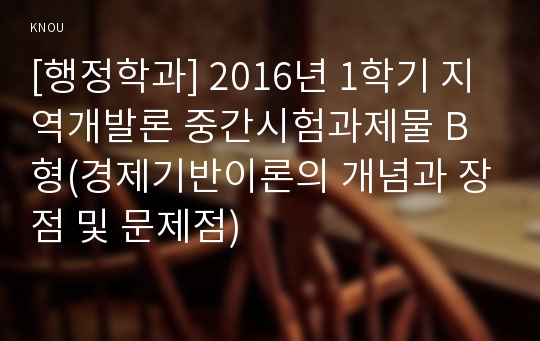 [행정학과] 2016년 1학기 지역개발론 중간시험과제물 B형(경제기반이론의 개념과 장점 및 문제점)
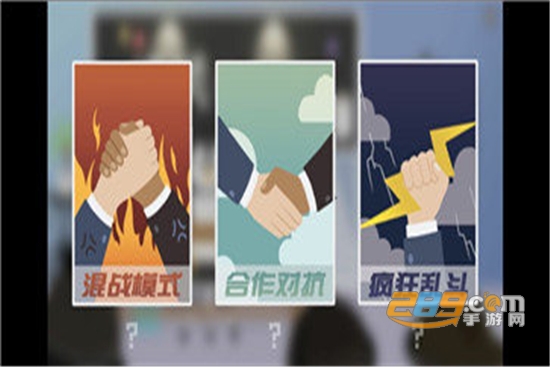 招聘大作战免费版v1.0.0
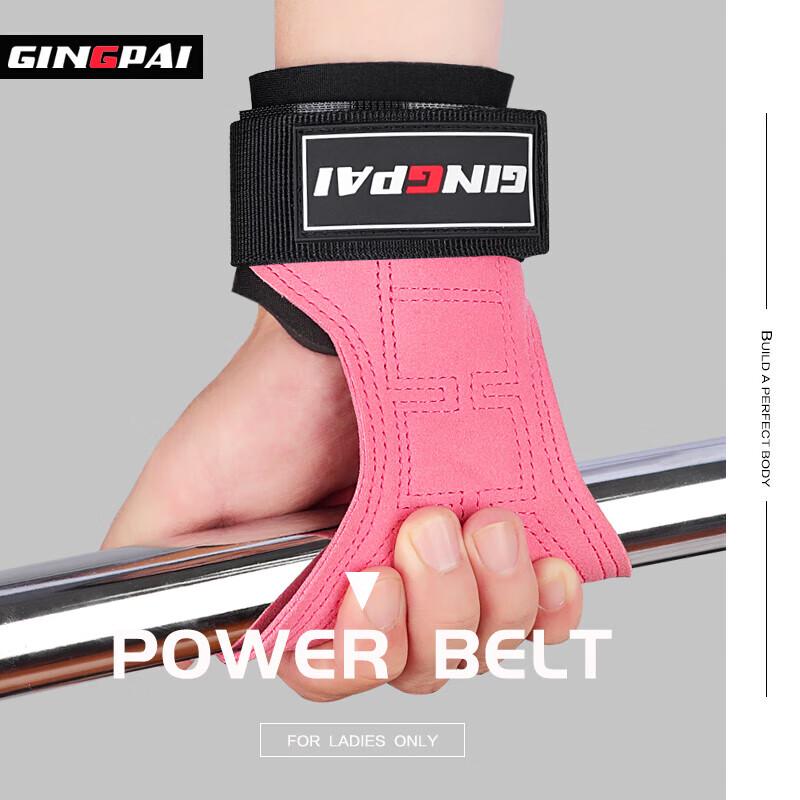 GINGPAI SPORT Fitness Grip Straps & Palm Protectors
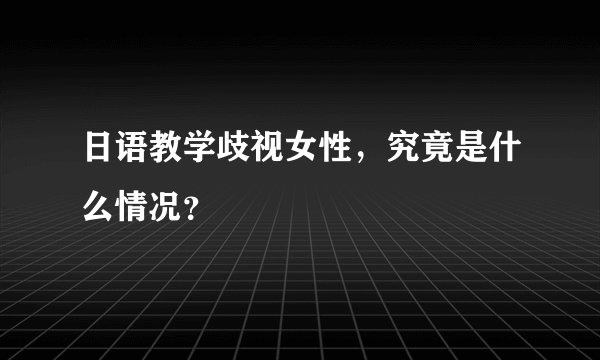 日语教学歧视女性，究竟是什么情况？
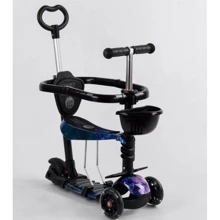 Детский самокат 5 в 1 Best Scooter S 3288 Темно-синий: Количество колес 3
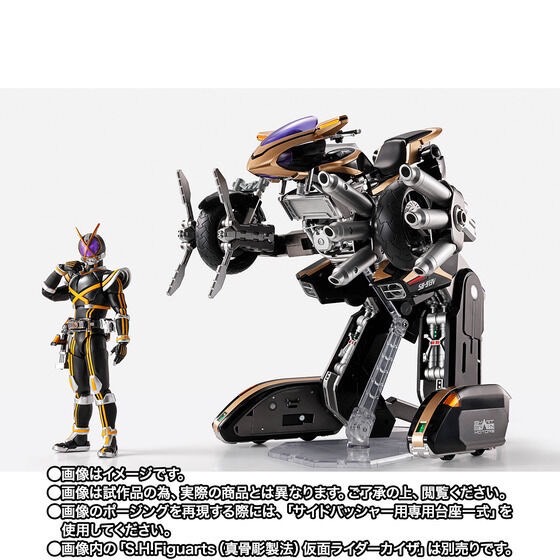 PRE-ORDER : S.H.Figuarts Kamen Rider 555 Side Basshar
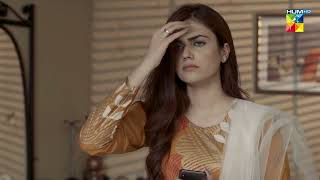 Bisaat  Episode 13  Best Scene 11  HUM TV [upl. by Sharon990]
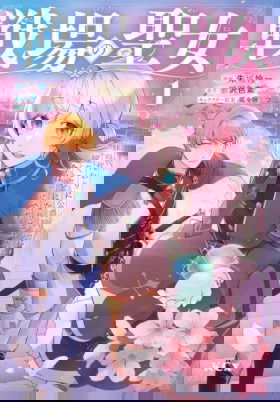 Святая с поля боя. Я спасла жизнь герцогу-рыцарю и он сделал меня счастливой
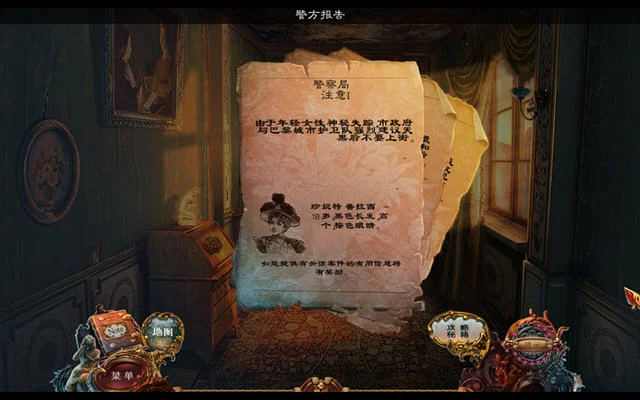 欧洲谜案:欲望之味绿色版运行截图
* * *
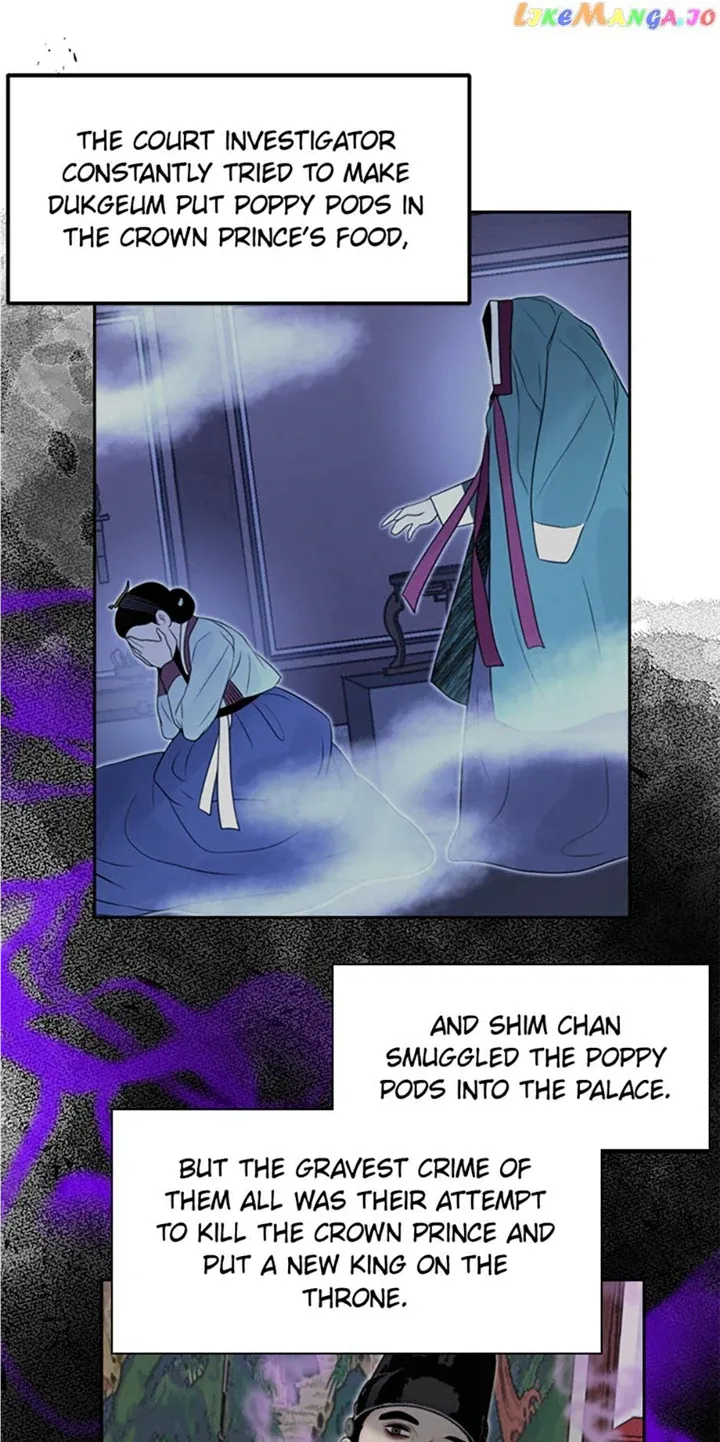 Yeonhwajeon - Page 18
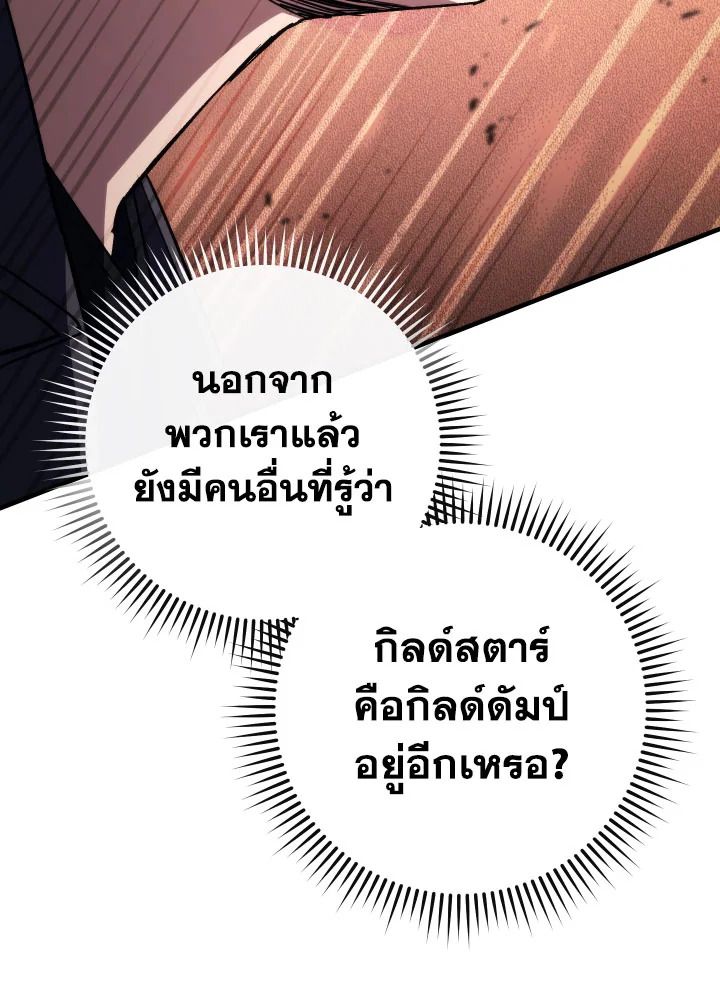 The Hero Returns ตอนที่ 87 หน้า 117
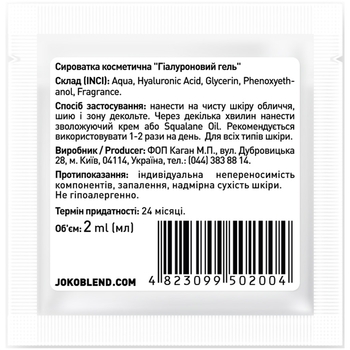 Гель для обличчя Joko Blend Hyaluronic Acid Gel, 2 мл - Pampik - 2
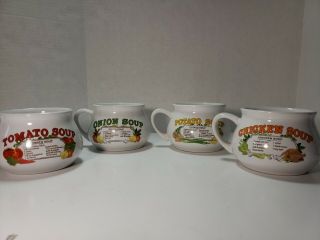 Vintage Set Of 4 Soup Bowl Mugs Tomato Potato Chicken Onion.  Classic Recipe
---
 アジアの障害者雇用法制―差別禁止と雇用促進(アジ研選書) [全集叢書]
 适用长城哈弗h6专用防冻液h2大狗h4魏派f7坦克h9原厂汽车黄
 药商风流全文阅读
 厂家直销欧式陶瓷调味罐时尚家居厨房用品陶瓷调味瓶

## Directions
Write out word for word the lines of the listing above from the line with "日语教学歧视女性，究竟是什么情况？" to the line with "欧洲谜案:欲望之味绿色版运行截图", taking in both of those lines but no pictures.

## Your response
 日语教学歧视女性，究竟是什么情况？
 Детский самокат 5 в 1 Best Scooter S 3288 Темно-синий: Количество колес 3
 PRE-ORDER : S.H.Figuarts Kamen Rider 555 Side Basshar
 Bisaat  Episode 13  Best Scene 11  HUM TV [upl. by Sharon990]
 Святая с поля боя. Я спасла жизнь герцогу-рыцарю и он сделал меня счастливой
 欧洲谜案:欲望之味绿色版运行截图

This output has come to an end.